The trainning set and test set are from web by crawler, then split them with 7:3.And the validation is from real app message and tagged by manual marking.

I have tried almost every hyper-parameters.

I have tried up-sampling, down-sampling, none-sampling.

batch size of 1024, 2048, 5096

dropout with 0.3, 0.5, 0.7

embedding_size with 30, 50, 75

But none of these work!

Now I use the param below:

batch size is 2048.

embedding_size is 30.

sentence_length is 15

filter_size is 3,4,5

dropout_prob is 0.5

l2_lambda is 0.005

At first I think it is overfit.But the model performs well in test set then trainning set.So I confused!

Is it the distribution between test set and trainning set is much different?
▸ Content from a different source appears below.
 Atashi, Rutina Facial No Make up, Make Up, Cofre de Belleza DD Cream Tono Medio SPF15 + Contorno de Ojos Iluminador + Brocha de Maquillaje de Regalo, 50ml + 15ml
How can I increase the performance in validation set?

2
Are you sure you have your traces in that plot labeled correctly? Seems weird that your test accuracy is the highest. Almost definitely not right?chris
@chris_anderson Thx! I'm sure the trace in that plot labeled correctly.I don't know why, The validation accuracy is too lowNan.Zhang
Are you able to reproduce the accuracy in the original tutorial? What is the expected validation accuracy for this model?Yao Zhang
@YaoZhang Thx! The expected validation accuracy is 92% at least, like dev accuracy in the graph. And trained several hours later, the validation loss is 6 times larger than training loss. Is it something wrong with my validation set?Nan.Zhang

2 Answers

0
votes

I think this difference in loss comes from the fact that the validation dataset was collected from a different domain than the training/test sets:

The training set and test set are from web by crawler, then split them with 7:3.And the validation is from real app message and tagged by manual > marking

The model did not see any real app message data during training, so it unsurprisingly fails to deliver good results on the validation set. Traditionally, all three sets are generated from the same pool of data (say, with a 7-1-2 split). The validation set is used for hyperparameter tuning (batch_size, embedding_length, etc.), while the test set is held-out for an objective measure of model performance.
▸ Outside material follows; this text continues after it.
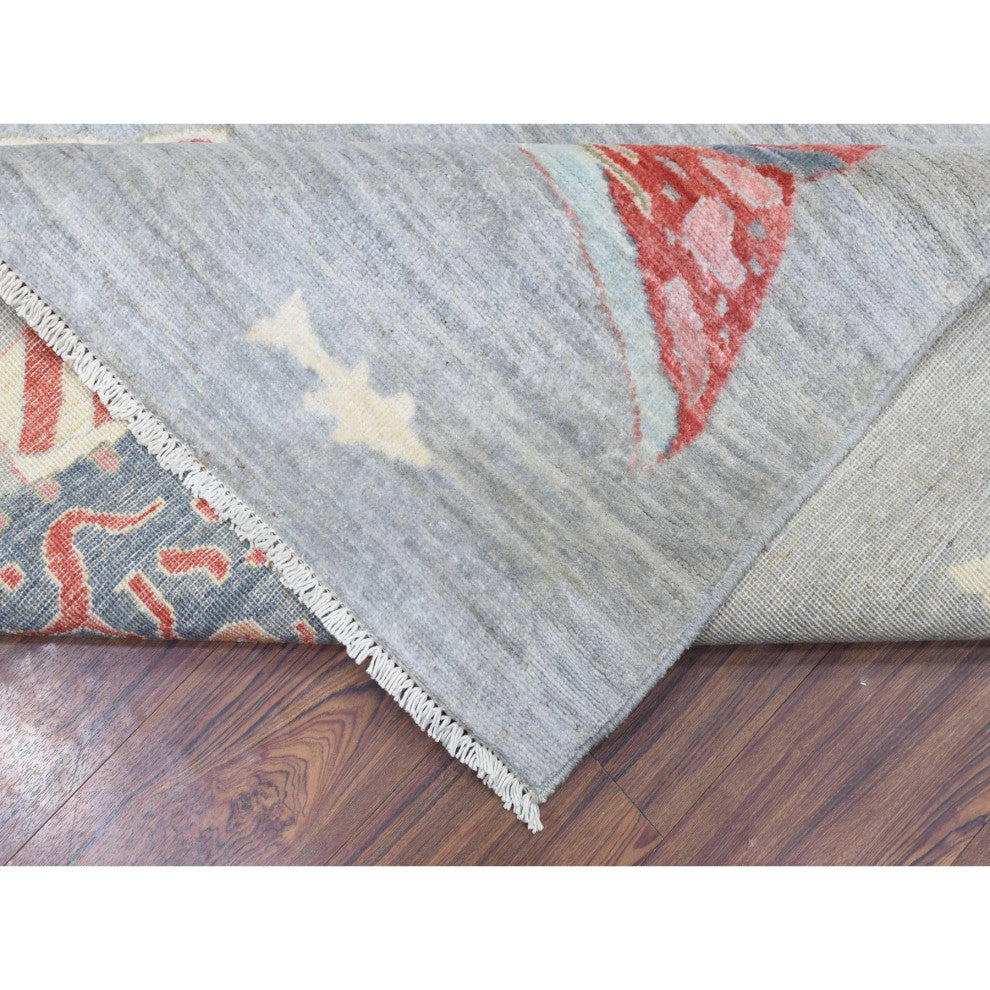 Light Gray, Soft Wool Hand Knotted, Afghan Peshawar Oriental Rug, 9'2"x11'9"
If you are concerned ultimately concerned with performance on the app data, I would split that dataset up 7-1-2 (train-validation-test) and augment the training data with web crawler data.

0
votes

I think the loss on validation set is high because the validation data comes from real app message data which may be more realistic than the training data you obtained from web crawling which may contain noise. Your learning rate is very high and batch size if pretty big than what's recommended. You can try learning rates in [0.1, 0.01, 0.001 and 0.0001], batch size in [32, 64], other hyperparameter values seems to be okay.

I would like to comment on the training, validation and test set. Training data is split into training and validation sets for training while test set is the data we don't touch and use only to test our model at last. I think your validation set is the 'test set' and your test set is the 'validation set'. That's how I would refer to them.